Multiculturalism: Nationalism of the Minorities

PASCAL BRUCKNER, one of the so-called “nouvelle philosophes” along with Bernard-Henri Levy and Andre Glucksmann, is one of France’s most acclaimed novelists. His books include Bitter Moon and his just published The Saint and a Gigolo. He spoke with NPQ contributing editor Michael Skafidas recently at the PEN Festival for International Literature in New York.

NPQ | You have described France as a “monochromatic civilization,” which is a more discreet way of replacing the adjective that many older Europeans reserved for the French all these years: “chauvinistic.” Within this monochromatic frame, as you’ve said, France closes itself off, psychologically as well, to the so-called Anglo-Saxon neo-liberal world.
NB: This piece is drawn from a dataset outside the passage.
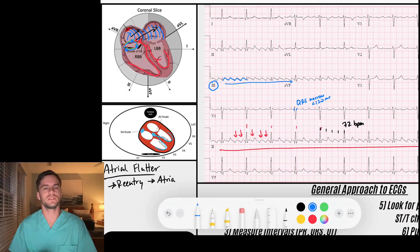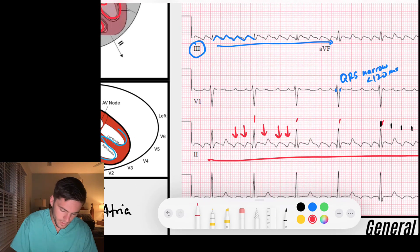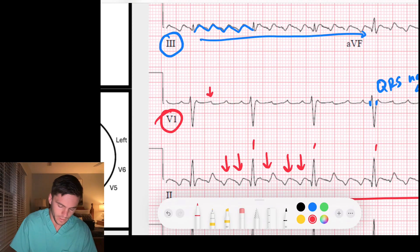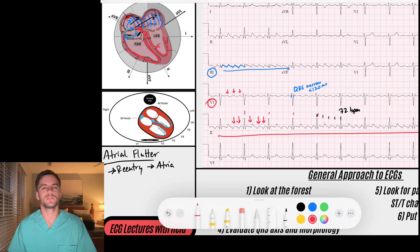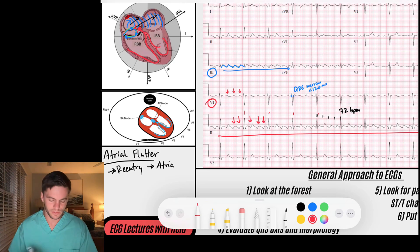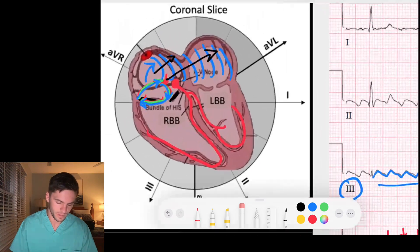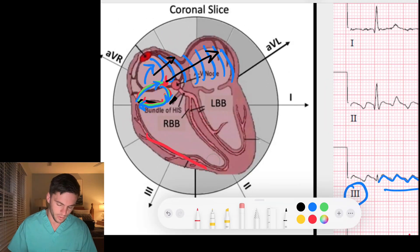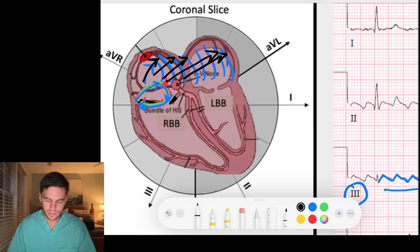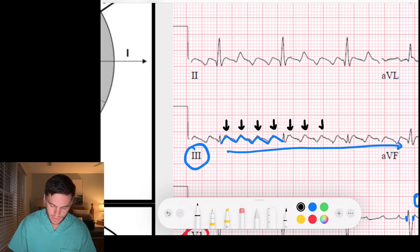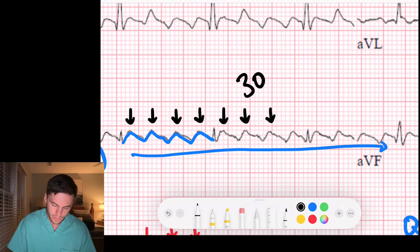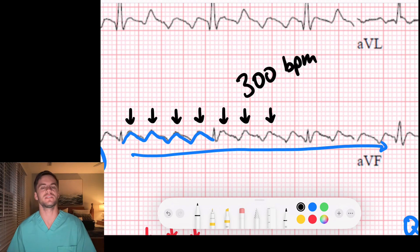Now that we suspect atrial flutter, look at V1 — it always has really nice, sharp flutter waves. These flutter waves, if I count their rate, are occurring at about 300 beats per minute. That is a very fast flutter wave. So signals are going around the tricuspid annulus at 300 beats per minute. Normally atrial flutter occurs anywhere between 250 and 300 beats per minute, so we're right in that range.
And that’s how what you’ve called the “Asterix Complex” has emerged. Would you elaborate on that?

Pascal Bruckner | The Asterix Complex, named after the cranky Gallic cartoon character, is this feeling of the French people that they are besieged by the outside world: besieged by America, besieged by liberalism, by capitalism, by globalization, by immigration

This is quite paradoxical because France is the most visited country in the world. We have 75 million tourists every year, yet at the same time we maintain this huge suspicion toward the outside world.

You could describe the French attitude today by this motto, “down with the outside world.” That’s exactly what we said one year ago, on May 29, 2005, when we said “no” to the referendum on the European Constitution. We have this tendency in France to withdraw into our own territory, psychologically and culturally.

But, of course, this is not possible anymore! We need to open up to the outside world.

NPQ | Yet, you’ve also said “the French are ashamed to be too patriotic.”

BRUCKNER | When today you call yourself a nationalist it is really a kind of nationalism of resentment. You see this not only in France, but also in Greece, in Italy or in Spain. But the idea of nationalism, of course, is rather suspicious because it has dragged us into wars and persecution during the 20th century. So we are extremely suspicious of patriotism, whereas the Americans are not at all.

It seems every American you meet is proud to be American—even now, after Iraq. If you say today you’re proud to be French, people will look at you with some suspicion: Are you a fascist? I think the Left has a big responsibility in this, in the cultivation of a post-war European guilt. We should be proud to be what we are. There’s no need to be ashamed of what we are, especially if we want to construct a new Europe together.

In France this anti-patriotism is also related to the global European history. We’ve had colonialism, slavery, fascism, communism. Our history is so stained with blood and massacres. We are constantly haunted by it. This has led to a pan-European complex of shame. American pride and European shame are very big contrasts.

Everybody in Europe right now accuses America of being fascist. But there is another reality. When Ayaan Hirsi Ali, the Dutch-Somali who has stood up to radical Islamists, had her citizenship and character challenged because she upset so many people, where did she go? To America. Again, when you have difficulties in Europe, just as during WWII, where do we Europeans go to be safe and free? America.

NPQ | What happened to European multiculturalism?

BRUCKNER | Multiculturalism is an upsurge of Romanticism since it insists on the identity of belonging. It stresses cultural and national origins rather than the individual life.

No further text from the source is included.